Oil Drilling... er mining


So I replaced the tubes with nice clear vinyl tubing which was useful for locating and eliminating bubbles.  The bubbles acted like blocks in the oil flow, a stronger pump would have handled things better.
With the radiators and pump I wasn't able to "over heat" the system with any amount of CPU use.  I decided to mine litecoins to heat-stress the oil, they don't quite make money, but it feels more productive than tossing primes into /dev/null.

For a bit I added a GPU (too old to mine bitcoins) and it added tons of heat.  It was an old card that had the fan burn out from dust.  So now the bare chip radiates heat into the oil.  In fact you can see the distortion in the column of hot oil streaming off the chip.

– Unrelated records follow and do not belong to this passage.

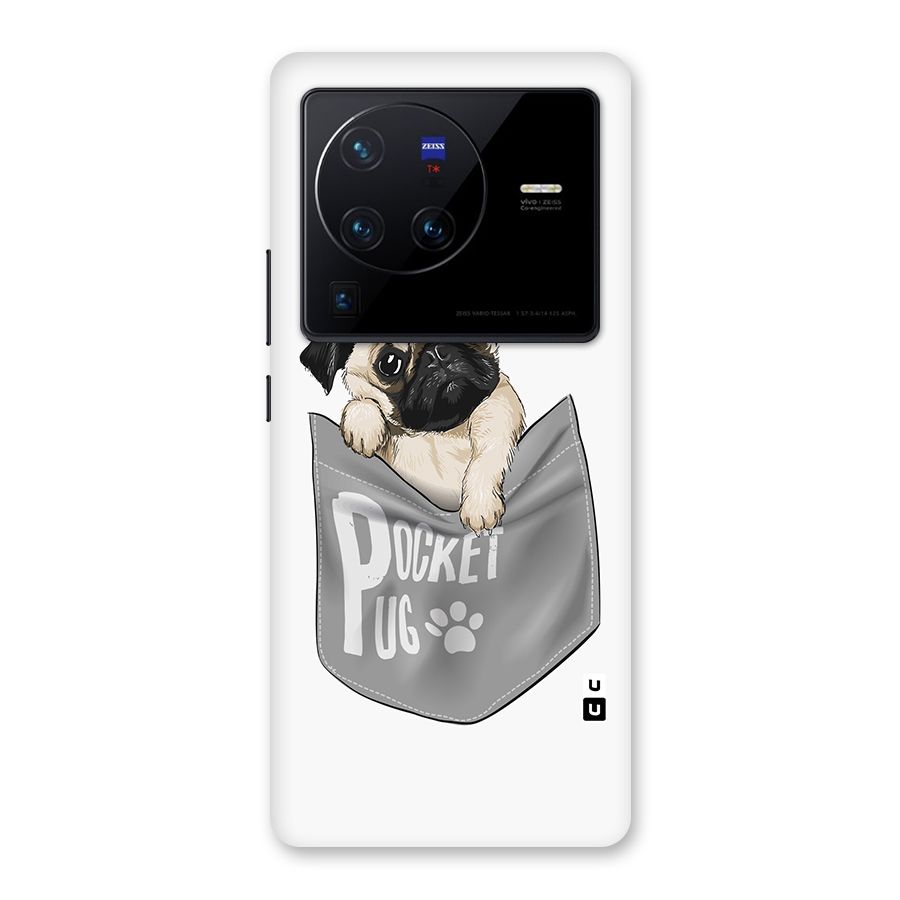 Pocket Pug Back Case for Vivo X80 Pro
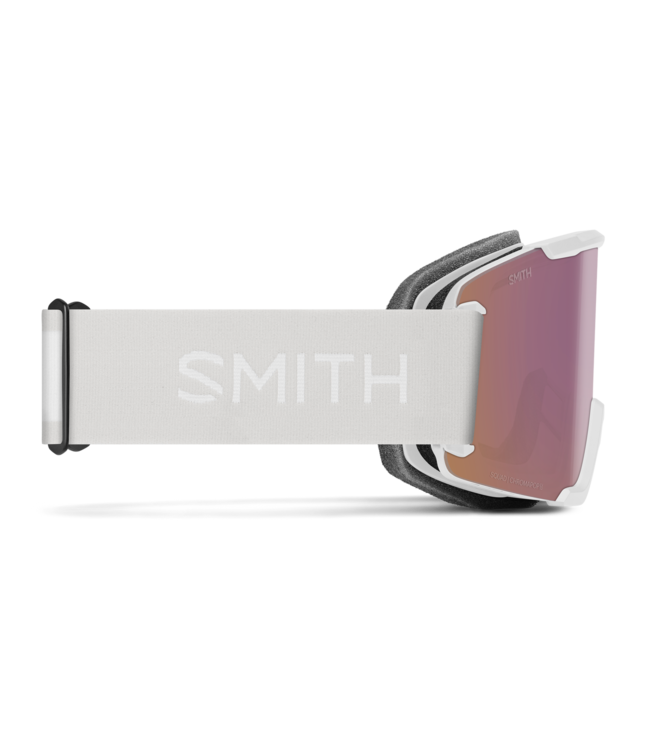 SMITH SQUAD GOGGLE WHITE VAPOR w/ EVERYDAY ROSE GOLD + STORM BLUE 2027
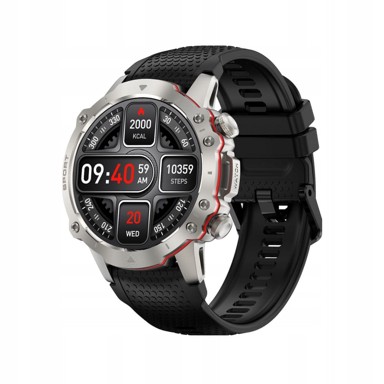 KIANO Pametni sat Watch Sport, srebrni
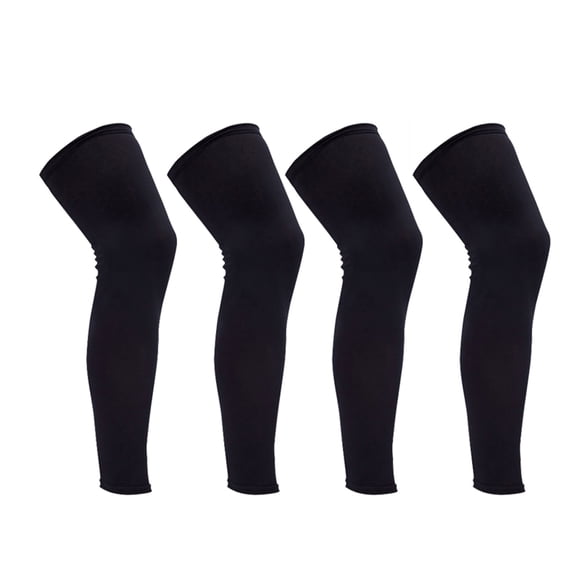 Protective Gear Calf and Tibia Support Leg Sleeves – Set of 4 Long Compression Sleeves for Men and Women Fusion of Comfort and Stability Calf Leg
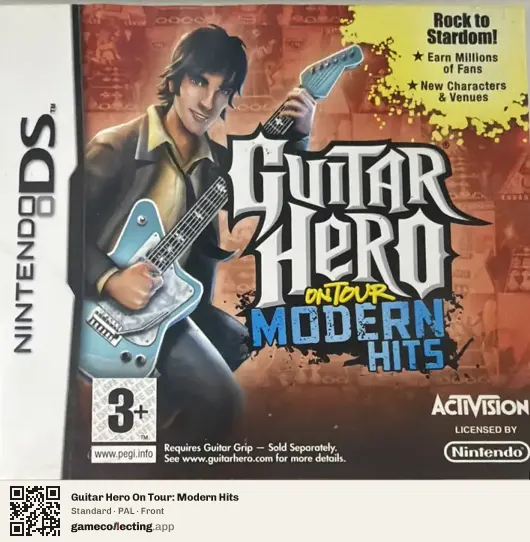 Guitar Hero On Tour: Modern Hits Nintendo DS, PAL box front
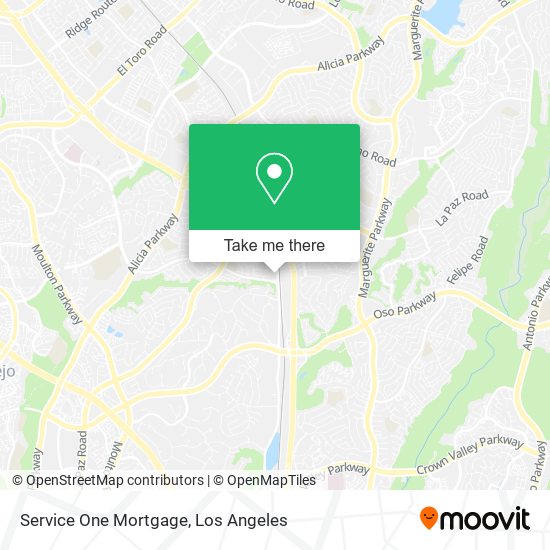 Service One Mortgage map
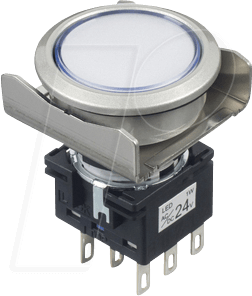 ID LB6MLM1T64PW - Beleuchteter Einbautaster LB, 22 mm, 2 CO ID LB6MLM1T64PW - Beleuchteter Einbautaster LB, 22 mm, 2 CO von Idec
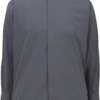BANDED COLLAR MENS SHIRT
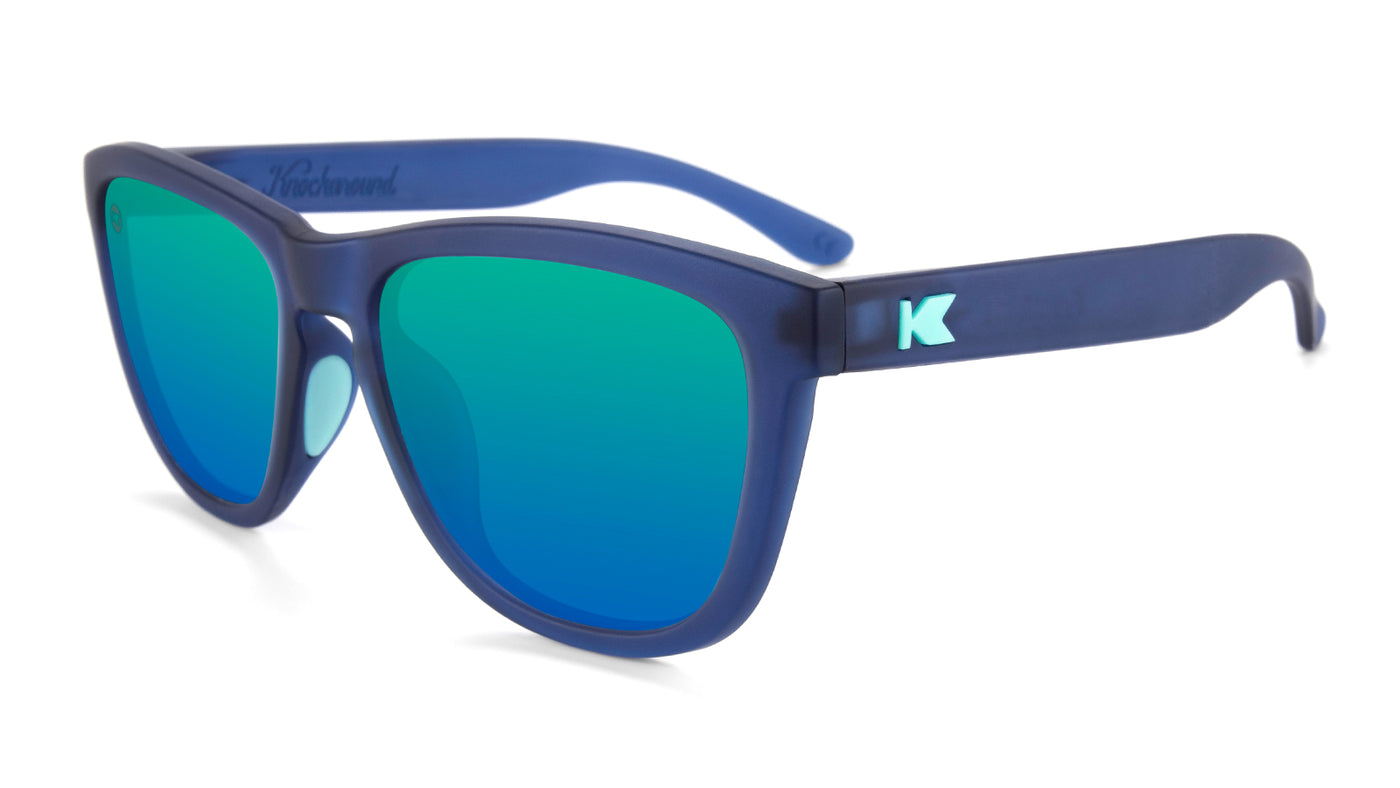 Rubberized Navy / Mint Premiums Sport Sunglasses - MTT Collective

I picked up a block eruptor (small bitcoin mining ASIC)  for cheap.  Its a little USB device, 333MHash/s but it gets pretty hot.  Before I dunked it I tested it by attaching a CPU heatsink to the back.  It was awkward but kept the device from getting too hot to handle.

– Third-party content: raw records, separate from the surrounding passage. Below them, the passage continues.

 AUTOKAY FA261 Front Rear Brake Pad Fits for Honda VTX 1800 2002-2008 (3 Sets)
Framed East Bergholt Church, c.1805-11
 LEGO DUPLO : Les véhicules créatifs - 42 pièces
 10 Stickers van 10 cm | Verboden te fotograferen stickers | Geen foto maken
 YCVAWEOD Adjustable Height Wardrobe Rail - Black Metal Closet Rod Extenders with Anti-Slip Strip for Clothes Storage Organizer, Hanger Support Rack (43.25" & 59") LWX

So obviously I had to dunk the mining ASIC.  I decided to remove the useless and power-hungry GPU and cut off the CPU-mining.  Immediately the temperature drops.  I don't have a way to measure the exact temperature of the ASIC but I can guess it's near enough the average temperature of the mobo sensors I use to plot my temperatures.  The ASIC does report a temperature but I'll have to see how accurate it is.

Update 2013-12-31:
I got a IR thermometer for Christmas, so I can now get some measurements!

  • Tank-wall = 43C
  • Oil = 50C
  • Ambient =16C
  • Air-cooled BE (333MH) = 80C (hot!)
I'm now running a Block Erupter Blade (10GH) in the oil bath.  I've moved the smaller Block Erupters to an air-cooled position on another server.  Last I've got one BFL Jalapeno in a standard air-cooled position (not enough room to dunk it!)

Minor Issue
I have noticed that some of the PVC insulated cables (like on a keyboard) that are submerged got stiff and brittle after some time in the bath.  Not an issue while soaking but they failed pretty easily with normal use.  I'm not certain what the insulation is made of, but PVC is supposed to be inert with mineral oil.  I'll update if I ever figure it out.